This is a well known issue, and mpi4py does not try to second-guess
the solution. A think that should probably work well is to override
sys.exepthook to call MPI.COMM_WORLD.Abort(1). That should kill all
the processes, however note that no Python cleanup functions will run
(in other words MPI will kill your process immediately).
There are other alternatives, like spawning a new Python tread busy
waiting in a recv() call on a DUPLICATE communicator (newcomm =
MPI.COMM_WORLD.Dup() ). Next, you override sys.excepthook to send a
message to itself other processes (using newcomm) flaging the error.
Then other processes will receive the message and "raise Something" in
repose. Of course, at the end of your app you should send the threads
a message "all went OK" for them to properly shutdown.
Note however that the previous option requires your MPI to be
thread-enabled (MPI.Query_thread() must return MPI.THREAD_MULTIPLE).

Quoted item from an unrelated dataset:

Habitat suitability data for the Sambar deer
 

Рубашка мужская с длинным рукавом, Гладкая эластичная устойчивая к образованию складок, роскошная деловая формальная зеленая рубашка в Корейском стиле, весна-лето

Just double check that, IIRC OpenMPI by default does not configures
itself to support threads.
--
Lisandro Dalcin
---------------
CIMEC (INTEC/CONICET-UNL)
Predio CONICET-Santa Fe
Colectora RN 168 Km 472, Paraje El Pozo
3000 Santa Fe, Argentina
Tel: +54-342-4511594 (ext 1011)
Tel/Fax: +54-342-4511169
mpi4py initializes/finalizes MPI for you. The initialization occurs at
import time, and the finalization when the Python process is about to
finalize (I'm using Py_AtExit() C-API call to do this). As
MPI_Finalize() is collective and likely blocking in most MPI impls,
you get the deadlock.
You can disable automatic MPI finalization adding the two lines below
at the VERY beginning of you main script:
import mpi4py.rc
import mpi4py.rc.finalize = False
and call MPI.Finalize() yourself in Python code at the very end.
However, you still need have to manage yourself how to notice the
other processes that a process raised an exception. So, there is not
too much to gain from this approach.
Unless your app really requires proper cleanup at finalization,
overriding sys.excepthook to call MPI.COMM_WORLD.Abort() is your best
change of get all processes die when a single one fails.